Oh my. This was very creepy. So creepy, I almost quit reading it about halfway through because I was afraid it was going to give me nightmares. But I decided to read a couple more chapters, and then eerie and creepy things started getting real-life explanations, and I went ahead and finished the book. It turns out that all the ghostly and creepy things were totally explainable and due to secret human activity, and there were no hauntings. There definitely were horrible murders in the past, and those were hard to read about, but they weren't what was creeping me out anyway.
This is one of those split-timeline books where you have one storyline going on in the present day, and another in the past. The present-day story is about a young woman named Arwen who lives at and works for a Christian camp in the north woods of Wisconsin. She is helping with a search for a missing little girl who disappeared near the camp. In the process, she digs up a lot of information about her own past.

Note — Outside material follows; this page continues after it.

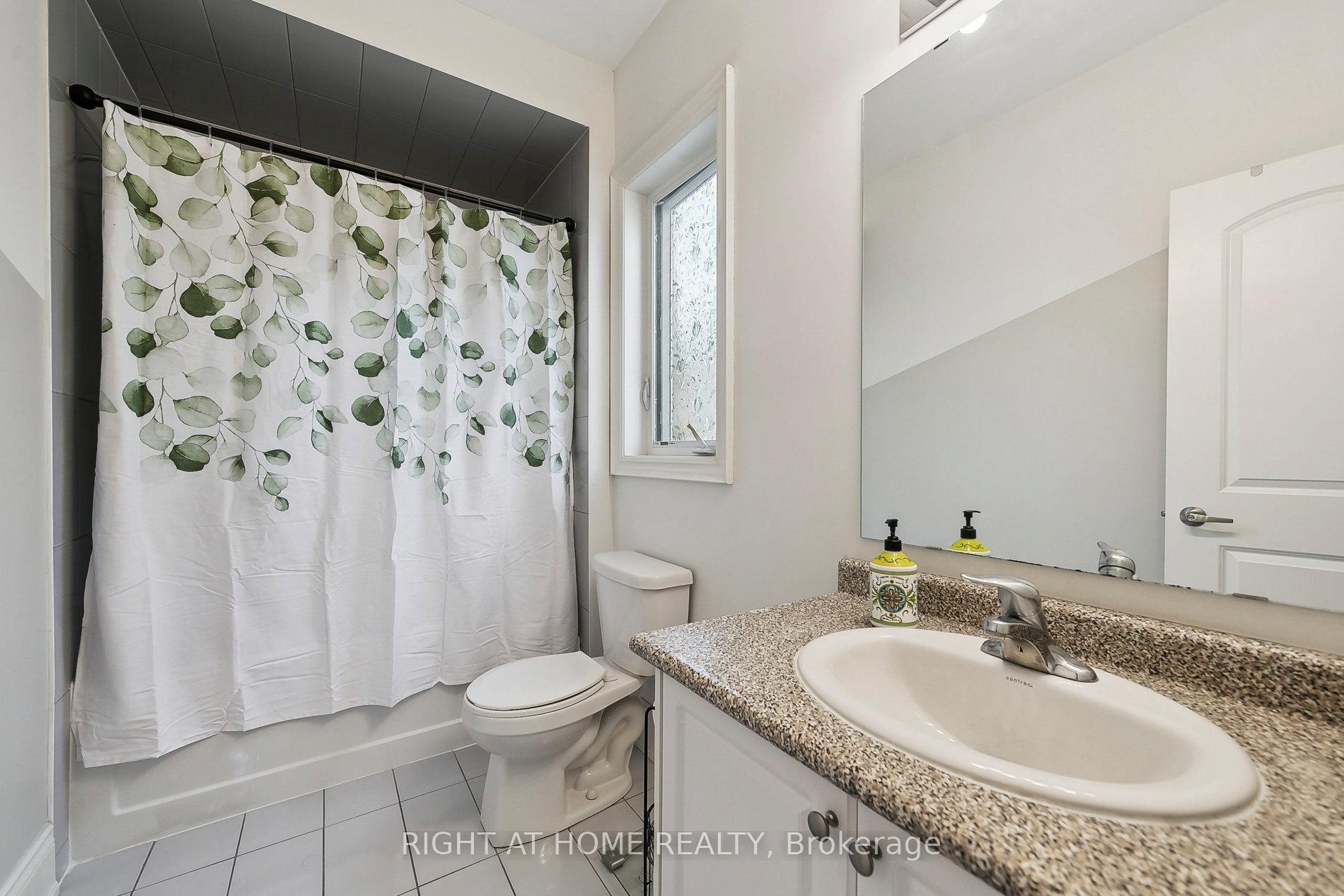 Photo 26 of 247 Humphrey Street, Hamilton, Waterdown — HOMEH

In the past story, it's the 1930s, and there's a young woman named Ava Coons whose whole family was killed in a bloody and terrifying way when she was a child. Their bodies disappeared, and her family home burned to the ground -- only Ava escaped, and she was covered in blood and dragging a massive, bloody axe when she was found by people of the small Wisconsin town nearby. Even though Ava had no memory of what happened to her family, and clearly was too small and weak to even heft the axe she was dragging, many people still thought she killed her family. A decade later, a person from that town is killed with an axe, and many people want Ava arrested for the crime. About the only person who believes she is innocent is a new minister who isn't very well known in the area yet. Ava starts to fall for him, even while trying to figure out how to prove she isn't now and never has been a killer.
The burned-down Coons cabin also plays into Arwen's story, and she lives near the small town where Ava grew up after her family died.
I devoured this book in three days because I absolutely had to know how everything turned out. I've been assured by some friends that the rest of Wright's books are not this creepy, so I think I will try another, one of these days.
If This was a Movie, I Would Rate It: PG-16 for creepiness, discussions of murder victims, lots of innuendo, and scenes of a child being in peril. I would not hand this to any of my teens to read, to be honest. But it's also not really R-rated.